Several pitchers who are being watched very closely opened the season with worst case scenario occurring: They threw way too many pitches way early in the game and walked too many batters. All of these pitchers we are going to talk about have had control problems in the past or are young, inexperienced pitchers. All have great stuff but can't get it over the plate. All were impressive in the spring for NOT throwing walks. The pitchers in question? Check out below:
Clayton Kershaw: Kershaw made 31 starts last year and only got a decision in 16 of them. He just throws too many pitches early in the game. Last year, the great news was that he struck out 9.7 batters per nine innings. The bad news was that he walked 4.8. This spring, the talk was that he had to pound the strike zone. He said it himself over and over. So what did he do his first time out this year? He walked 6 in 4.2 innings. He goes again on Monday. He's got to throw strikes.
Fausto Carmona: Despite the fact that the Fan has been calling him Francisco all spring, he was still amazing. After losing his control the last two years to the tune of more than 5 walks per nine innings, he only walked one or two batters all spring. So what did he do his first time out this year?

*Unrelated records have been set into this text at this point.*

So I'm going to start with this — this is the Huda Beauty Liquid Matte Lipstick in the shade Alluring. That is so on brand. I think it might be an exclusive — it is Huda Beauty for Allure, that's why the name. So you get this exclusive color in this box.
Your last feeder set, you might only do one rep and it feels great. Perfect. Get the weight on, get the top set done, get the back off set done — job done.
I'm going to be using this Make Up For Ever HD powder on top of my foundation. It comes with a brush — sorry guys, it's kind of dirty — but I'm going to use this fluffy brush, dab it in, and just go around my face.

He walked 6 in 6 innings. Despite that, he only gave up one hit and won the game. But that isn't going to happen often. He's got to throw strikes.
Francisco Liriano: Now HIS name IS Francisco! In 2006, Liriano struck out 10.7 batters per nine while only walking 2.4. Those numbers have been getting closer to each other ever since. Last year, it was 8.0/4.3. This spring, there was talk of him becoming the closer. But he pitched so well and his command was so good, he made the rotation. But his first time out this year, he walked 5 in 6 innings. Oh no! Not again! He's got to throw strikes.

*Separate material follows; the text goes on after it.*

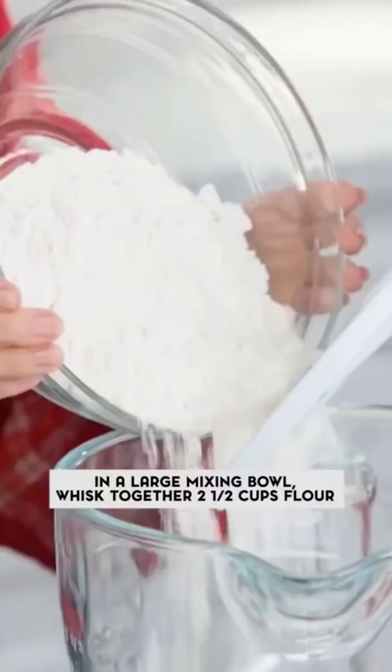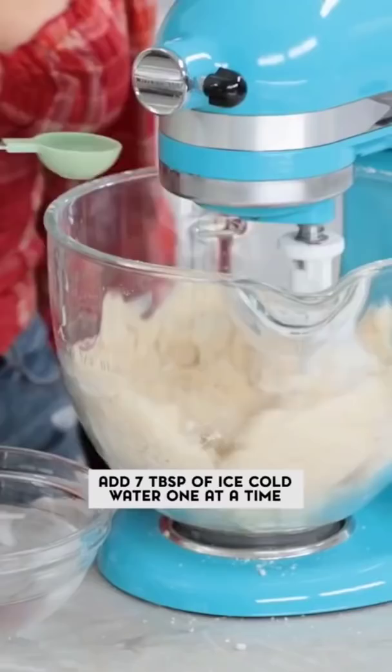The first thing that we're gonna do to make our apple pie is make our pie crust. First step, we're gonna mix together our dry ingredients until well combined, then add your cubed butter and add your cold water until a dough forms.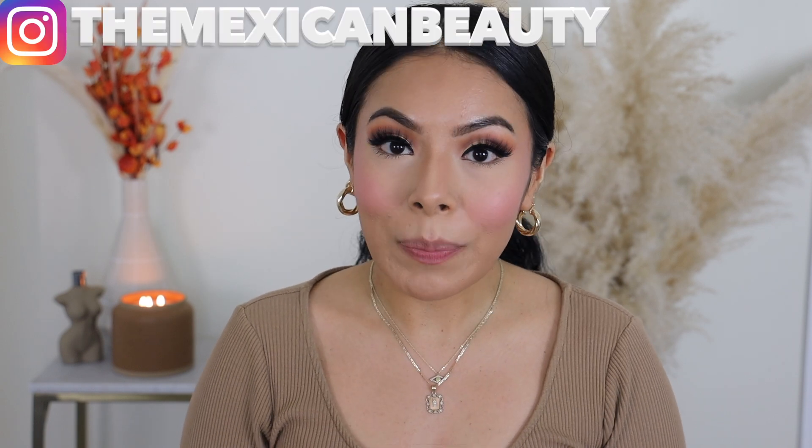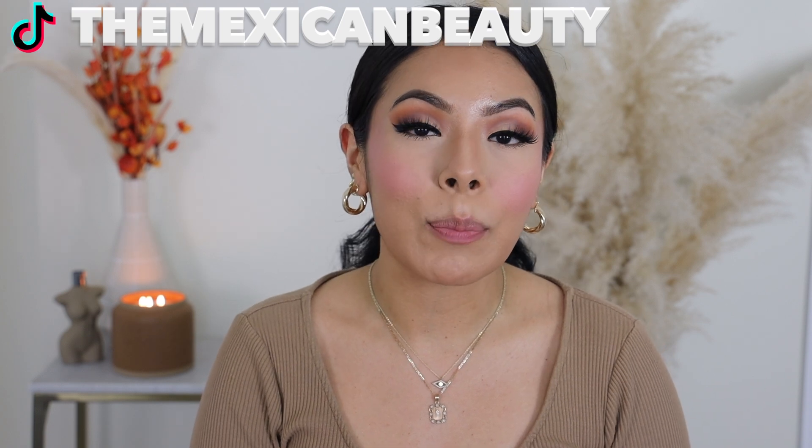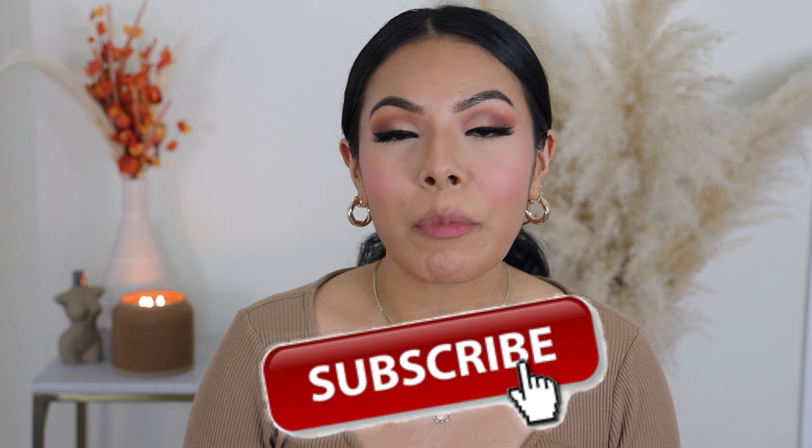Before we get started, I do want to introduce myself. My name is Jessica, aka The Mexican Beauty. I make videos on all things beauty, lifestyle, and fashion. Please go ahead and subscribe — I would love for you to join me here on YouTube because I wouldn't want you guys to miss my videos for the world. Now that we've done that introduction, let's go ahead and move right into the review and wear test.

Mike Leake: Leake made the Reds' rotation despite never having thrown a minor league pitch because he showed great command and threw strikes and let his stuff dominate. Well, his first time out, he walked 7 and threw only 57 strikes out of 107 pitches. By the way, is Dusty Baker going to ruin this kid too? 107 pitches in his first game out? Geez. But, Mr. Leake? You've got to throw strikes!

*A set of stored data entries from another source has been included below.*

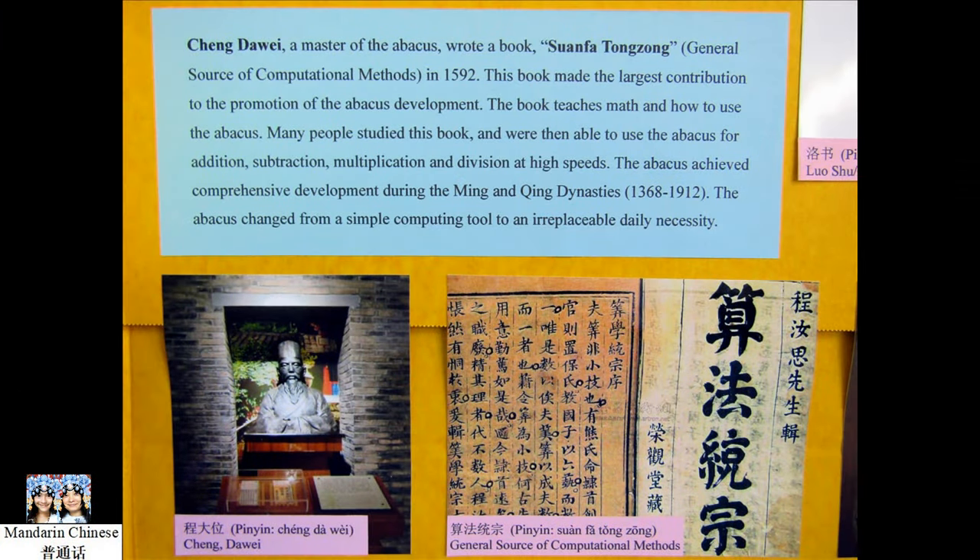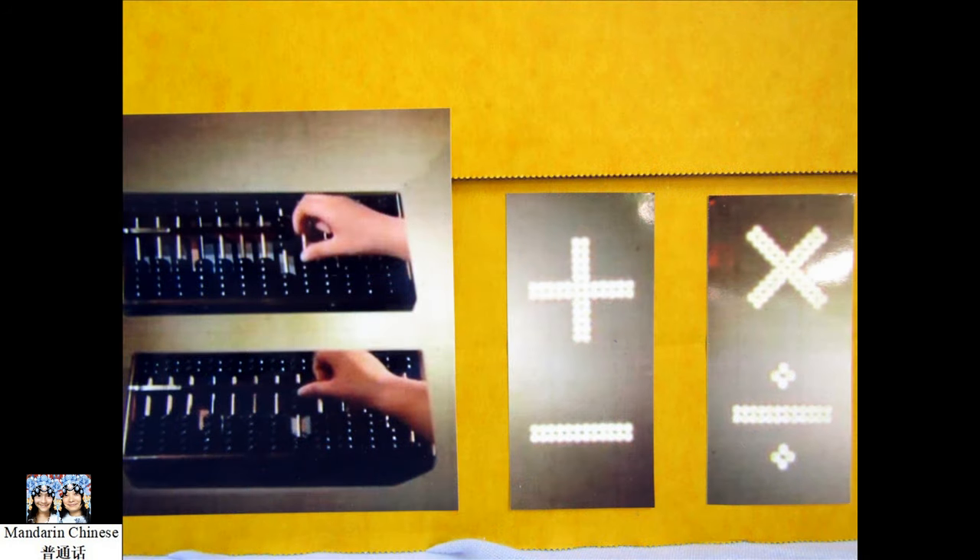Cheng Dawei, the master of the abacus, wrote a book, 算法統中, in 1592. This book made the largest contribution to the promotion of the abacus development. His book teaches math and ways to use the abacus. Many people studied his book and were then able to use the abacus for addition, subtraction, multiplication, and division at high speed. The Chinese still use this book today.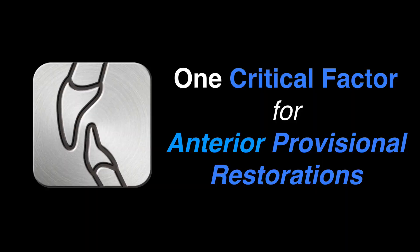Hi there, I'm Dr. Stephen Phelan. Welcome to Dental Excellence video number 20, and the topic today is one critical factor for anterior provisional restorations.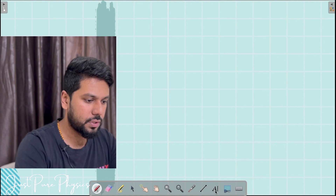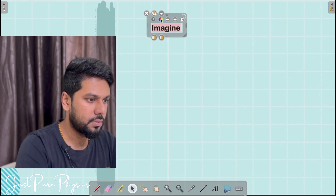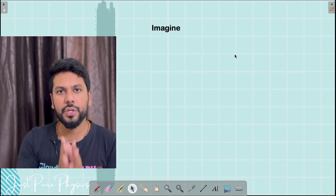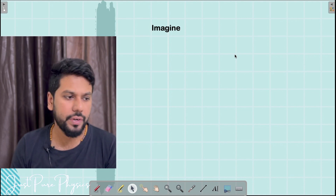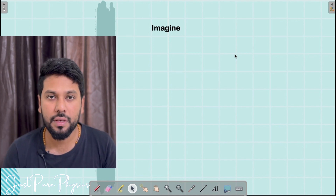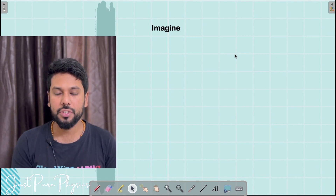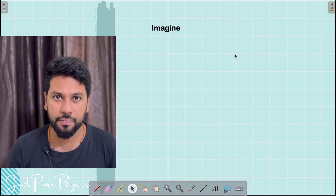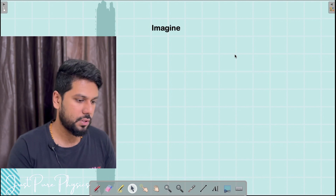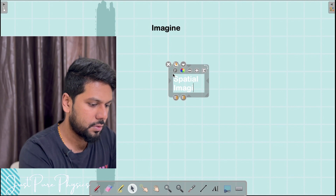When you are reading a physics problem, you have to imagine the situation. This is the problem that most students face — they are not able to imagine the right way. When I'm talking about imagination, it's your spatial imagination. When you are not able to do this spatial imagination, this is where you struggle.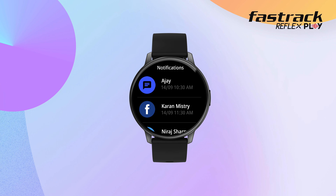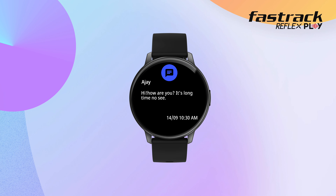When messages come in, the watch vibrates to alert you, and the screen displays the message content. Click on the message to read it in full.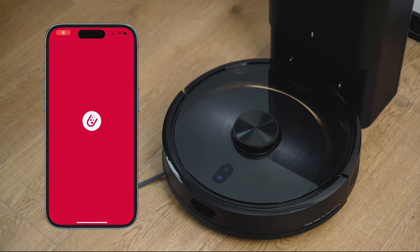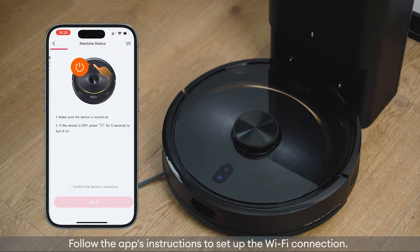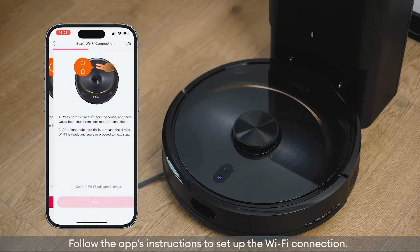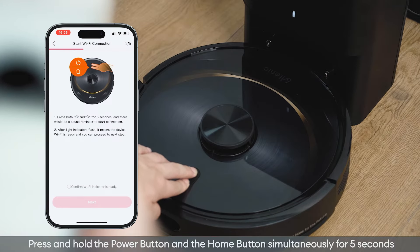Open the Yotanic app, tap the plus icon to add the channel to your account, and follow the app's instructions to set up the Wi-Fi connection. To activate the network, press and hold the power button and the home button simultaneously for five seconds.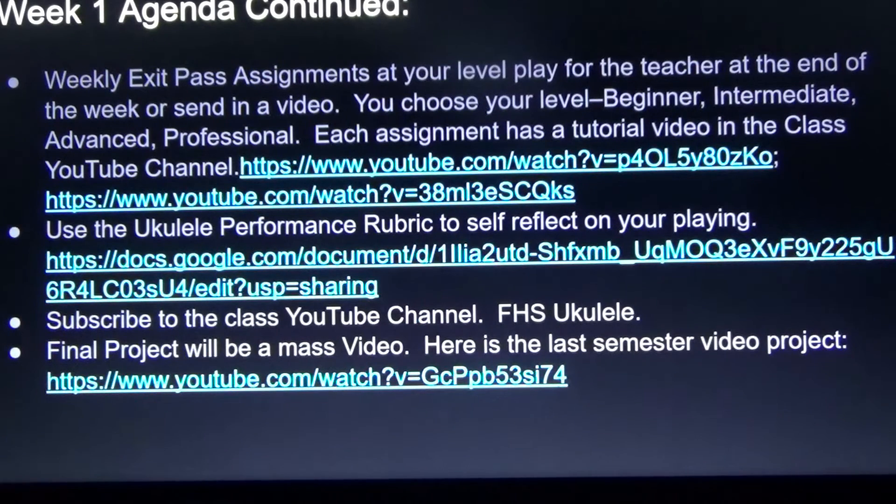What are we doing every week? Not this week, but every week we'll have a little song to play called the Weekly Exit Pass. You can choose your level as beginner, intermediate, advanced, or professional, and you play for the teacher at the end of the week. Or you can send in a video to the Google Classroom or to the teacher's email. Each assignment will have a tutorial video in the class YouTube channel, FHS Ukulele. Use the Ukulele Performance Rubric to self-reflect on your playing — it's a checklist to see what you're doing well and what you need to improve on. Subscribe to the class YouTube channel, FHS Ukulele.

Carlos Marmol: Marmol walked almost as many batters in relief last year as most average starting pitchers throw in three times as many innings. He averaged an amazing 7.9 walks per nine innings last year. So far this year, he's only walked one in two outings, both converted saves. That's a promising start. He's got to throw strikes!
A. J. Burnett: Last year, Burnett led the league in walks AND wild pitches. His typical pattern was to get two quick strikes and then try to get cute with sliders outside. But he wound up walking over four batters per nine and thus became way too inconsistent as a starter. So far in two starts this year, his walks are down. We'll see. He's got to throw strikes.
Dontrelle Willis: We all know the story here. Willis couldn't throw a strike the last two years if the place was on fire. Well, he's made his first start this year and he only walked 2 in six innings, so that's hopeful. But he got to three balls on six hitters. He's got to throw strikes.
The Fan will be watching these pitchers very closely along with other guys in the minors like Aroldis Chapman and Stephen Strasburg, both of whom had their pro debuts on Sunday. Both looked dominant, but both walked too many guys. They have to throw strikes!